Taoiseach says Fianna Fáil must achieve ‘unity' at think-in
Taoiseach Micheál Martin has said that he wants his party to “unite” as parliamentarians gathered at the Fianna Fáil think-in in Cavan.
Speaking to reporters ahead of a closed-door meeting of the parliamentary party this afternoon, Mr Martin insisted that he intended to remain as leader despite internal opposition from some party members.
“I’ve been a member of parliament for many, many years. I have rarely ever seen unanimity on many issues, including who leads the party. So that’s not news. And my challenge is to hear people, my job is to listen.
“And I think what’s important coming out of this meeting is that the party unites.”
Earlier today, Sean Fleming, the Fianna Fáil TD charged with authoring a report into the party’s electoral fortunes in recent years, insisted that he did not see “any prospect” of a challenge to the Taoiseach when the parliamentary party meets for the think-in.
More than 2,500 Fianna Fáil members contributed to the report, which recommends that the party needs to re-establish a distinct identity.
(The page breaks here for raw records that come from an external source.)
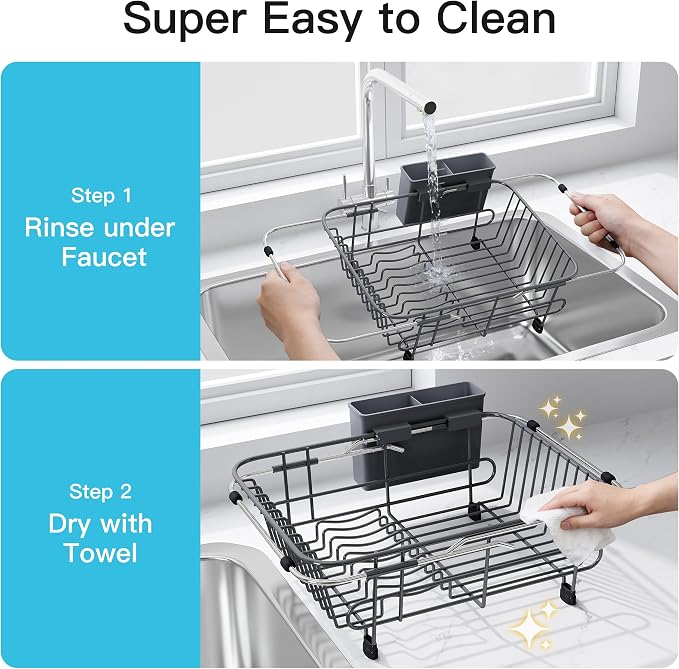 JASIWAY Gray Dish Drying Rack in Sink with Utensil Holder, RV, Apartment | Over Sink Expandable Stainless Steel Dish Drainers for Compact Kitchen, Space Saving, Fast Drain, Rustproof, For 1-2 people - Image 9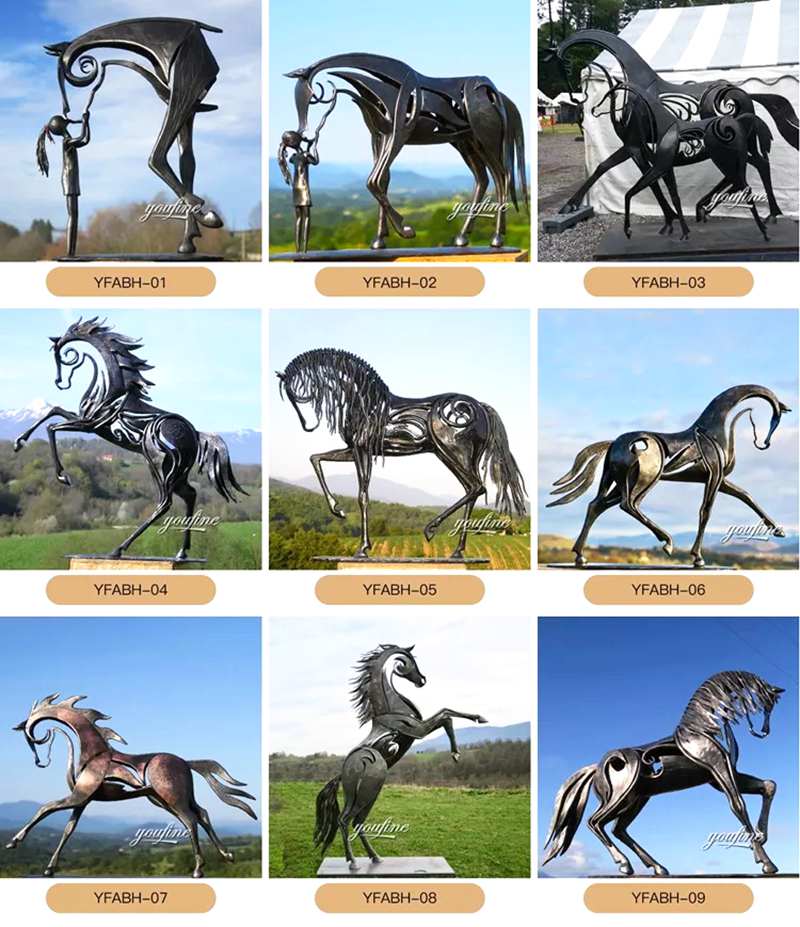 Bronze Decorative Horse Statues	Emmanuel Kieffer Kiss Art Wholesale BOK1-303 - Bronze Horse Statues - 7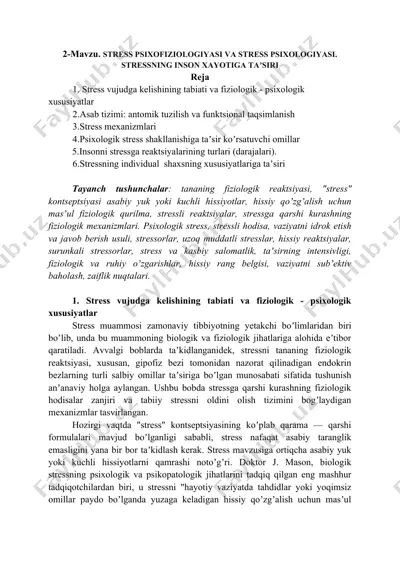 stress psixofiziologiyasi va stress psixologiyasi — DOC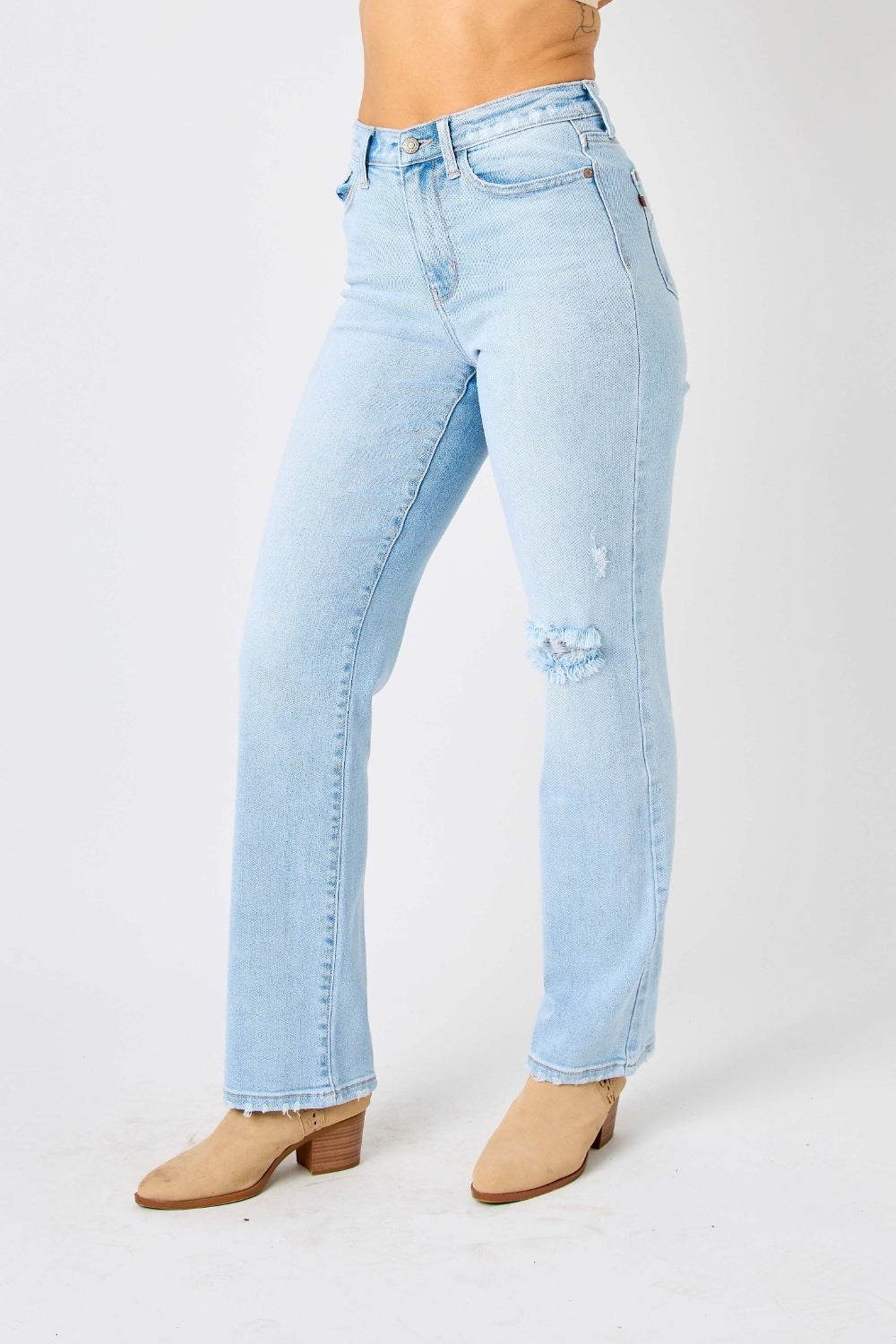 Judy Blue High Waist Distressed Straight Jeans - Classic and Edgy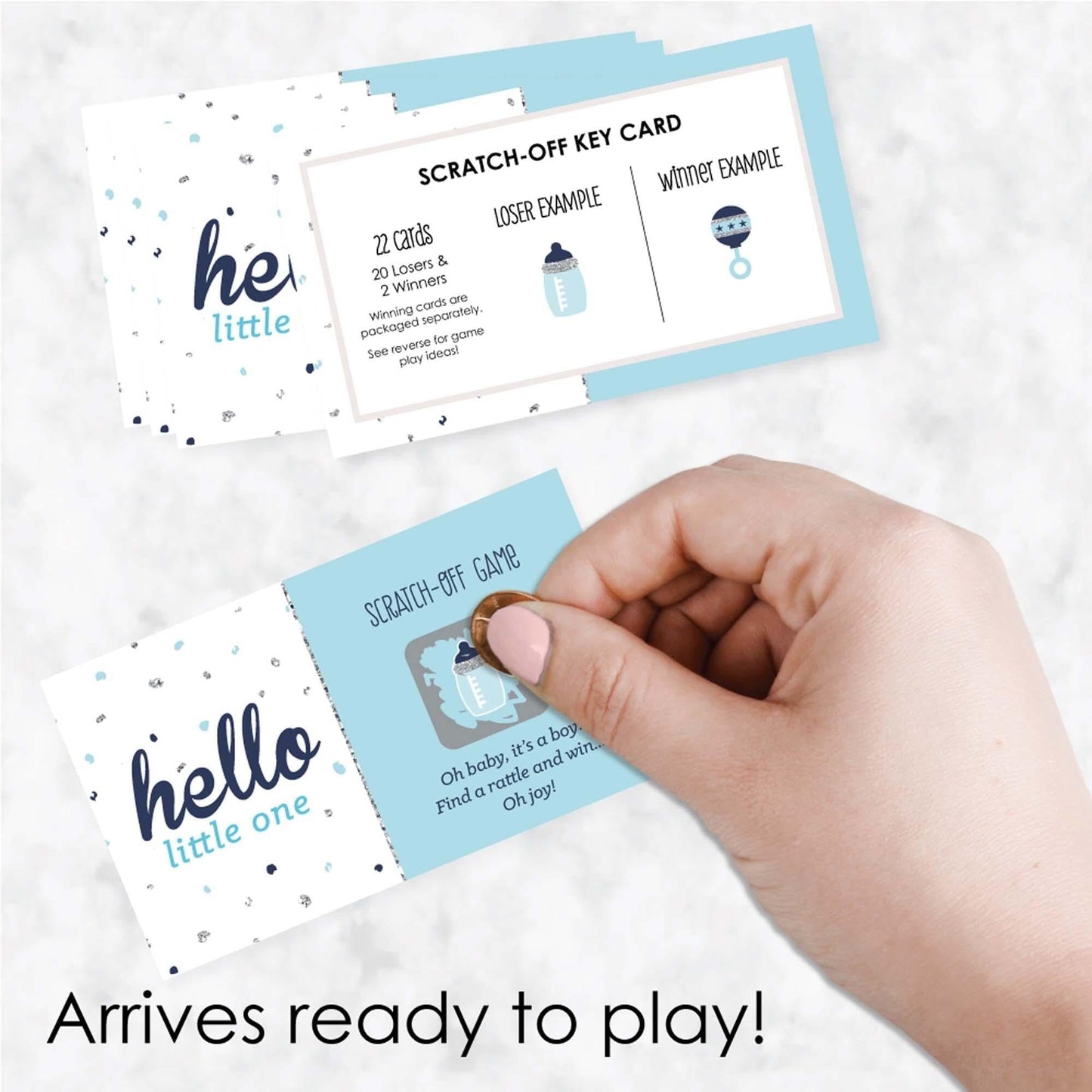 Hello Little One - Blue and Silver - Boy Baby Shower Game Scratch Off Cards - 22 ct
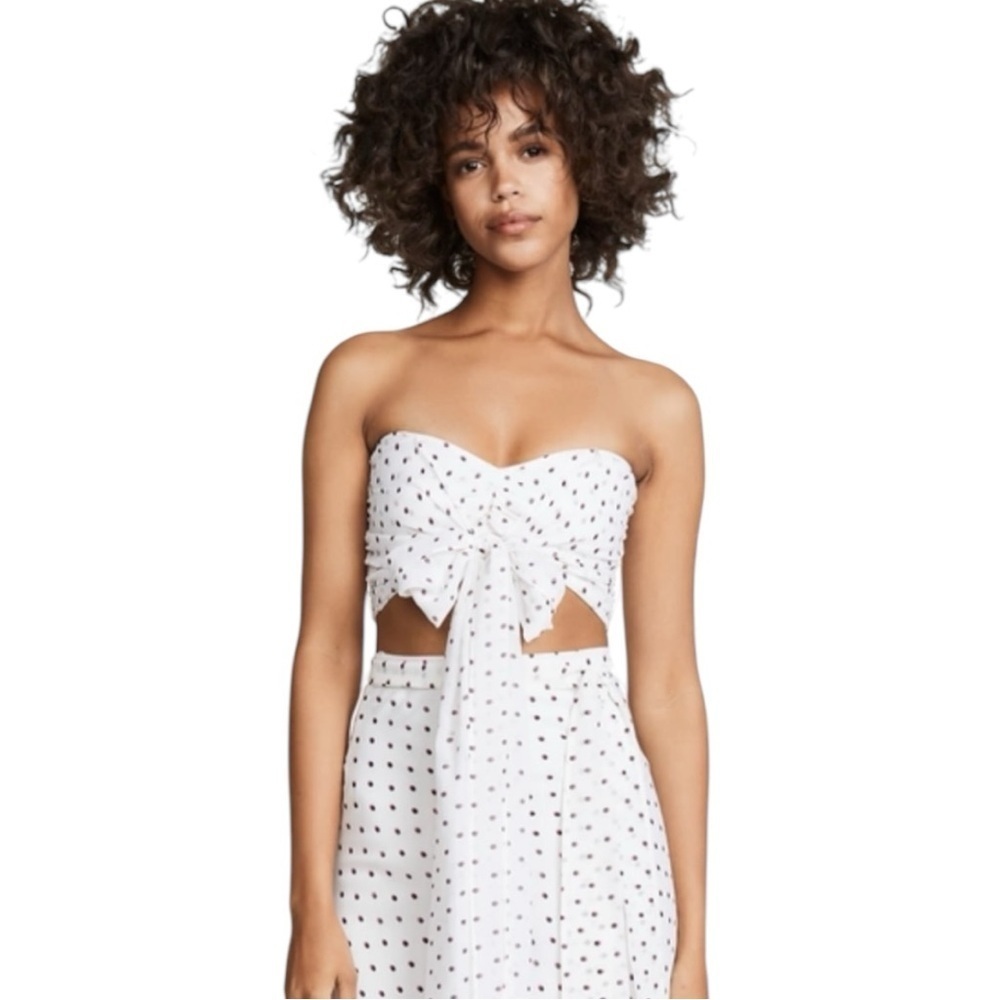 Bec + Bridge Little Cuba 100% Silk Strapless Polka Dot Crop Top US 6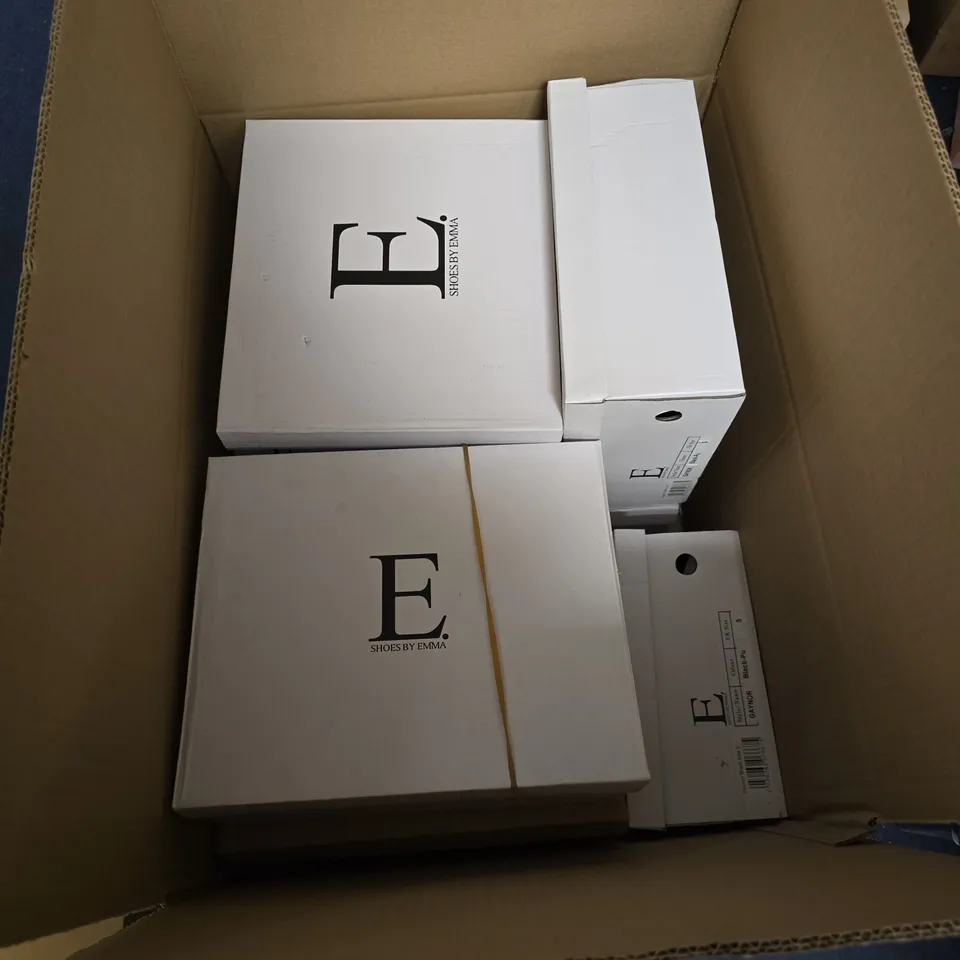 BOX OF APPROXIMATELY 11 ASSORTED PAIRS OF SHOES IN VARIOUS STLYES , COLOURS AND SIZES 
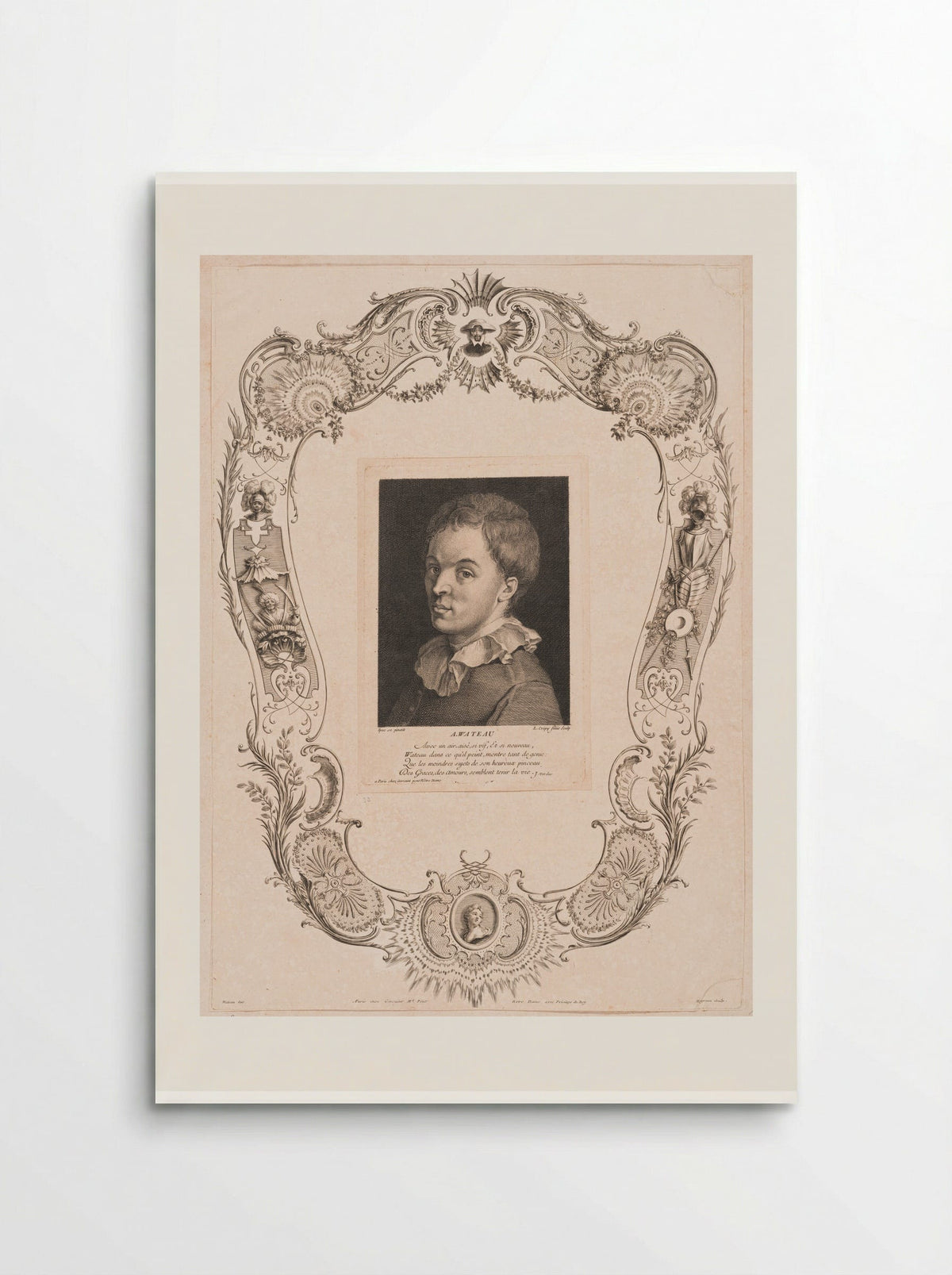 Titlepage for Engraved Works, in a Cartouche, Its Motifs Inspired by Don Quixote - Jean Moyreau - Poster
The findings of the report are expected to be discussed by Fianna Fáil politicians during today’s meeting.
Mr Martin said that now was an “opportunity” to learn lessons for the party.
He said: “In terms of the review of the last general election, we will have a very comprehensive engagement in relation to the work that has been carried out by Sean Fleming. It was the largest ever survey undertaken by the party members, which in itself is significant.
“We had the largest vote of any party in terms of grassroots voting that Fianna Fáil would go into government, with 74% supporting that. As an exercise in grassroots democracy, that was significant, as was the survey contributing to the review. We clearly have lessons to learn.
“We were disappointed with the outcome of the election, we have lessons to learn from that, even though we are still the largest party in the Oireachtas, still the largest in local government.
“But we do need to change, particularly align ourselves with the emerging modern Ireland of the 21st century, and there is internal reflection needed there.
He acknowledged that the confidence-and-supply arrangement with Fine Gael, which had kept the party’s historical political opponent in power until the 2020 election, had caused problems for the party.
“It did prove problematic, without question, towards the end and I think there are very fair points made in relation to that. But again, we did put the country first because of the Brexit situation that had arisen,” Mr Martin said.
He said that it was “unique” that his party had published the review into its electoral performance “warts and all”.
Mr Martin rejected any suggestion that he would not take up the role of Tanaiste when the time comes for Leo Varadkar to take up the role of Taoiseach as part of the deal agreed between the two government parties.
“We have entered into a coalition government and we have made commitments in relation to that. I’m going to follow through on those commitments.”